* WHAT TO WORK ON: Output the data unchanged and complete, minus the images.

* EXERCISE DATA:
• • • • • • •

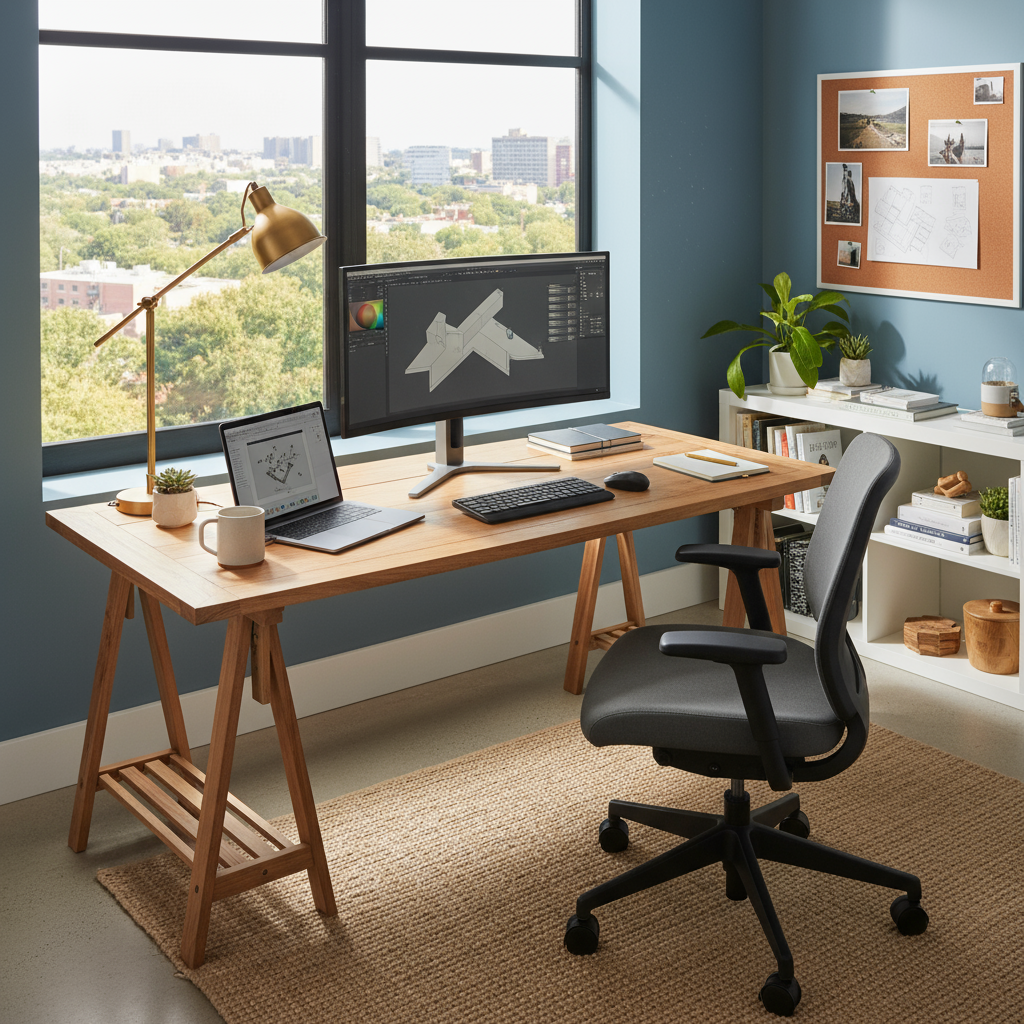 Desk & Office Accessories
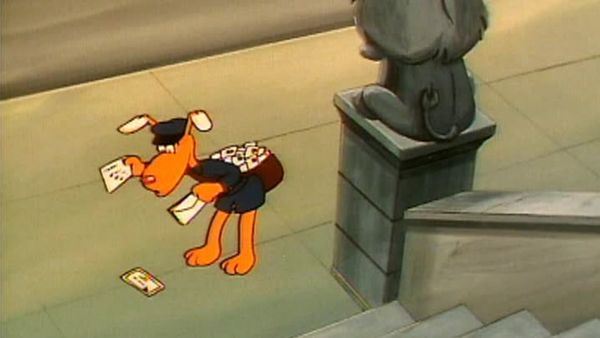 Inspector Gadget - The Infiltration
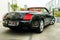 2007 Bentley Continental GTC Convertible
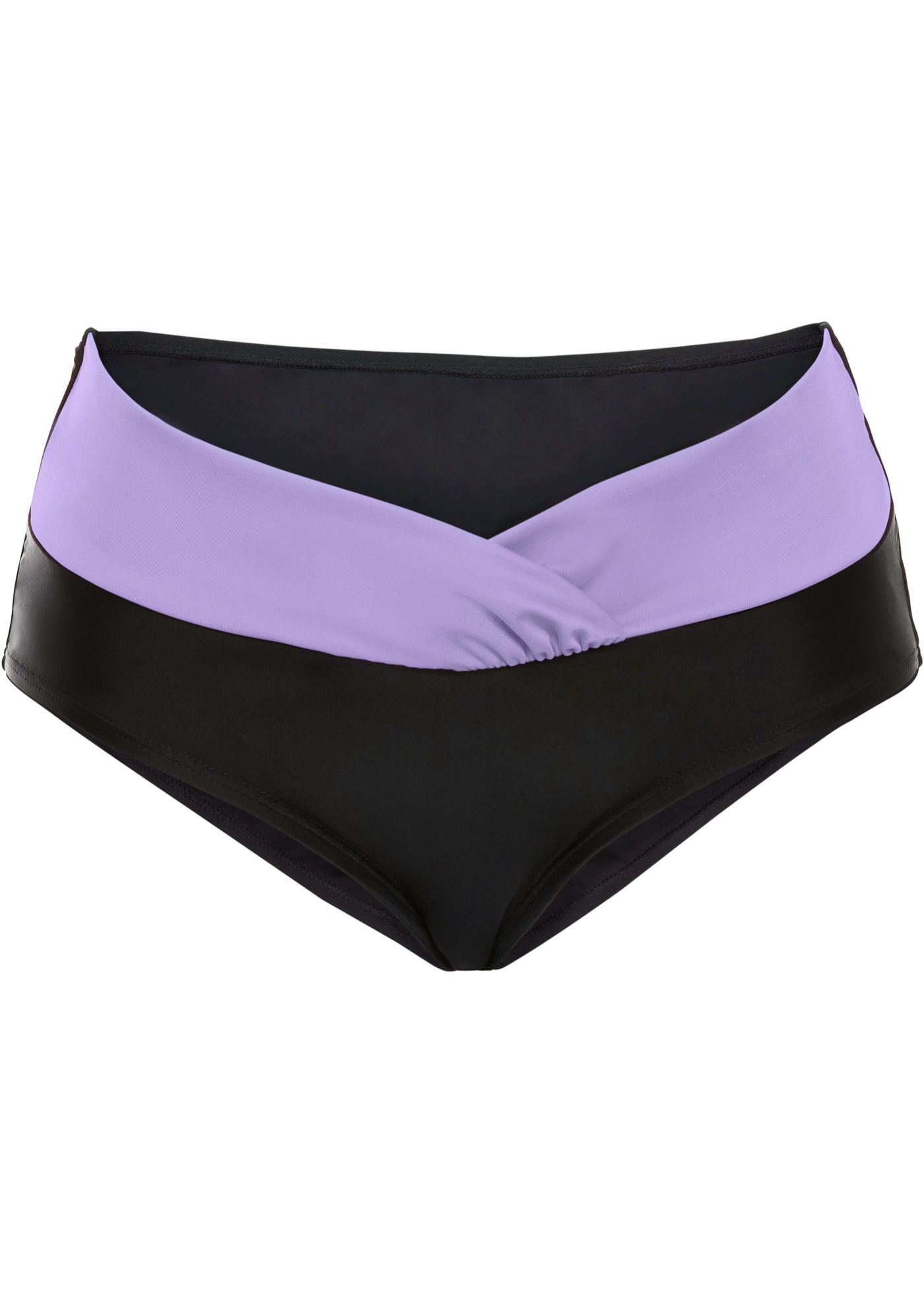 Slip per bikini (viola) - bpc bonprix collection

• • • • • • •

* FINISHED EXERCISE:
 Desk & Office Accessories
 Inspector Gadget - The Infiltration
 2007 Bentley Continental GTC Convertible
 Slip per bikini (viola) - bpc bonprix collection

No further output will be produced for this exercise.